Pour Clément Abaïfouta, le procès de l’ex-Président tchadien, qui va se tenir le lundi 20 juillet prochain à Dakar devant la Cour d’assises des Chambres africaines extraordinaires (Cae), est le couronnement d’une lutte menée depuis plus de deux décennies et l’aboutissement d’un dossier judiciaire enclenché au début des années 2000 et qui leur a valu plusieurs déplacements en Europe et à travers le continent africain. Affichant la sérénité dans les locaux du cabinet de son avocate, Me Jacqueline Moudeina, sis à Ndjamena où Le Quotidien l’a accroché, le président de l’Association des victimes tchadiennes des crimes et répressions du régime de Hissein Habré (Avcrhh) se dit convaincu d’une condamnation future de l’ancien homme fort de Ndjamena. Invitant l’actuel Président Idriss Deby à ne pas accepter que l’impunité puisse perdurer dans son pays, Clément Abaïfouta déplore le manque de volonté politique de l’Etat tchadien pour la reconnaissance du statut des victimes du régime de Habré, l’absence d’application des décisions issues de la Conférence nationale du Tchad tenue dans les années 1990. Le président de l’Atvcr ne manque pas de plaider fortement pour le reversement de la somme de 75 milliards de francs Cfa allouée aux victimes tchadiennes par la Cour criminelle de Ndjamena dans son verdict prononcé lors du procès de Mahamat Djibrine dit «El Djonto» et de Saleh Younouss, condamnés pour torture.

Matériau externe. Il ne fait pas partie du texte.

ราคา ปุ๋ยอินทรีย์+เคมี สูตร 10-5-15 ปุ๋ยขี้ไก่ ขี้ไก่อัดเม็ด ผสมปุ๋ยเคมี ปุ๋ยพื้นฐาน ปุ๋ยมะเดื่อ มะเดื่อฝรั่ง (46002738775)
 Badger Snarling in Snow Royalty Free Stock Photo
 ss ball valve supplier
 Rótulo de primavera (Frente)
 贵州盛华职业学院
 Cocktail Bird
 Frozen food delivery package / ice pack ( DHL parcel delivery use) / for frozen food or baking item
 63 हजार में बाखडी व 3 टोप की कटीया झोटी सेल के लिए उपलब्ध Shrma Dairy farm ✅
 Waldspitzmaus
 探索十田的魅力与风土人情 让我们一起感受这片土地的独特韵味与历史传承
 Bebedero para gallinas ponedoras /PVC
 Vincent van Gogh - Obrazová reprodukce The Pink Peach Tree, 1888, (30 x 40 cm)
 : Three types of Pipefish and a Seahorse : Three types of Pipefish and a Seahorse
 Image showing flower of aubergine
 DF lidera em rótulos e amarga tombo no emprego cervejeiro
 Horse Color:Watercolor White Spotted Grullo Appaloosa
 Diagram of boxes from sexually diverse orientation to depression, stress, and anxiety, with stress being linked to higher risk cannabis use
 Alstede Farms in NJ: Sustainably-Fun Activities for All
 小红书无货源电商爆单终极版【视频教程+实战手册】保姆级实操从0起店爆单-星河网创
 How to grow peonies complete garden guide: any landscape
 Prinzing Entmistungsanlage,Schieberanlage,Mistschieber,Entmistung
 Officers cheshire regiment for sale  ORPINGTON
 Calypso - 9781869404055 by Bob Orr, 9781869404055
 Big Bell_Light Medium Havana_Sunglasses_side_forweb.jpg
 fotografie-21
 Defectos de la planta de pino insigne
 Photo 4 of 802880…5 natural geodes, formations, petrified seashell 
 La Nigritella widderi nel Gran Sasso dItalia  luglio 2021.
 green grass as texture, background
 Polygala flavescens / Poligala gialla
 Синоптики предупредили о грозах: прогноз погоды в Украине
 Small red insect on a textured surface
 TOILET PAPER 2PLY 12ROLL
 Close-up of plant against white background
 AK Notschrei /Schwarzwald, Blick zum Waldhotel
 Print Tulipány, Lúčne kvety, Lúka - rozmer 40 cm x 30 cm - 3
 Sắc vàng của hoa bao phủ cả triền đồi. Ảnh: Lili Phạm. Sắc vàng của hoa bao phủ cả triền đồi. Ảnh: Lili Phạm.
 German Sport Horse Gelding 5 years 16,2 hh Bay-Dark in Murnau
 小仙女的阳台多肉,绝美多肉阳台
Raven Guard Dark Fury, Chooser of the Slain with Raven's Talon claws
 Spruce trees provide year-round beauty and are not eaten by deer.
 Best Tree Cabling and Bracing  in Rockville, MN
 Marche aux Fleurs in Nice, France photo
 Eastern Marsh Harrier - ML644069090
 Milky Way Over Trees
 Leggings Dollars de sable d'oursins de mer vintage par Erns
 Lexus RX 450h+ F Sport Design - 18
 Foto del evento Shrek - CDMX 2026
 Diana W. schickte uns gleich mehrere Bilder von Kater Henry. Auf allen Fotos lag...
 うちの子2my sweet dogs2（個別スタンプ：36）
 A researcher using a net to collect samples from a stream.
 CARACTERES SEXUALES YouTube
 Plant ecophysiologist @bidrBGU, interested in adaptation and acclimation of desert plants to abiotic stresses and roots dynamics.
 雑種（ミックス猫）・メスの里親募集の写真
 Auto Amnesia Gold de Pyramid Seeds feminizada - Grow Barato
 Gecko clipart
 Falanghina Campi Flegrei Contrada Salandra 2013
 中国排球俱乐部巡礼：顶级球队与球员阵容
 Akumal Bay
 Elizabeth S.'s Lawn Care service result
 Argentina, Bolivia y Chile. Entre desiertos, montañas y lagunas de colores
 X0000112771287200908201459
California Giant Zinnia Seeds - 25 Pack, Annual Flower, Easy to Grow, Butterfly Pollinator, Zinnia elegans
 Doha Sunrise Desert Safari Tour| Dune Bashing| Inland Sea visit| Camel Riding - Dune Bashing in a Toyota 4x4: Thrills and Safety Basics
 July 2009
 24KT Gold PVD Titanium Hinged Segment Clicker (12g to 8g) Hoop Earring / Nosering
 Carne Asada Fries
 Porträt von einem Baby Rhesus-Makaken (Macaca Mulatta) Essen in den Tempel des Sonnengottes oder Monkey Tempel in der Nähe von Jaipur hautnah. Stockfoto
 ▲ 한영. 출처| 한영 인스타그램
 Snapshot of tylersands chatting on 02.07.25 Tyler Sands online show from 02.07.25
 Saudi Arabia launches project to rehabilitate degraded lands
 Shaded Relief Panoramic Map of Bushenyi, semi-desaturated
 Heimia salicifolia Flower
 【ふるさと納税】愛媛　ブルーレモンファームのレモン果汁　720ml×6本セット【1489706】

Clément Abaïfouta vous êtes le président de l’Association des victimes tchadiennes de Hissein Habré. Dans quel état d’esprit préparez-vous le procès de Hissein Habré à Dakar ?
C’est avec beaucoup d’énergie, de conviction et d’espoir que mes collègues et moi préparons le procès de Dakar, qui sera le couronnement d’une lutte de longue haleine, car c’est notre objectif principal (Ndlr : faire juger Habré). Nous avons bon espoir.
Comment appréciez-vous la stratégie de défense de Hissein Habré consistant à opposer le silence aux questions des juges des Chambres africaines ?
Je trouve que c’est un peu bête. Je sais que Habré est une personne fière d’elle-même. Et vu qu’il se dit innocent, je crois que c’est le moment ou jamais de venir le prouver. Et, en même temps, aider à la manifestation de la vérité, car le Peuple tchadien a besoin de situer les responsabilités. On a besoin de connaître le degré d’implication de Habré sur le massacre du Peuple tchadien sous son règne. Si Hissein ne veut pas parler, cela ne surprend guère. Car c’est l’attitude des dictateurs qui ont du sang sur la main. Je crois que cela ne l’aide pas, car son attitude n’empêchera pas le déroulement du procès au continu.
Etes-vous convaincu que le procès arrivera à terme ?
Puisque je vous le disais tantôt que c’est l’un des objectifs de ma lutte. Si d’aventure je n’avais pas la conviction que ce procès allait aboutir, j’aurais baissé les bras. C’est mon ultime conviction que ce procès va aboutir et je rêve même que Hissein Habré va être condamné.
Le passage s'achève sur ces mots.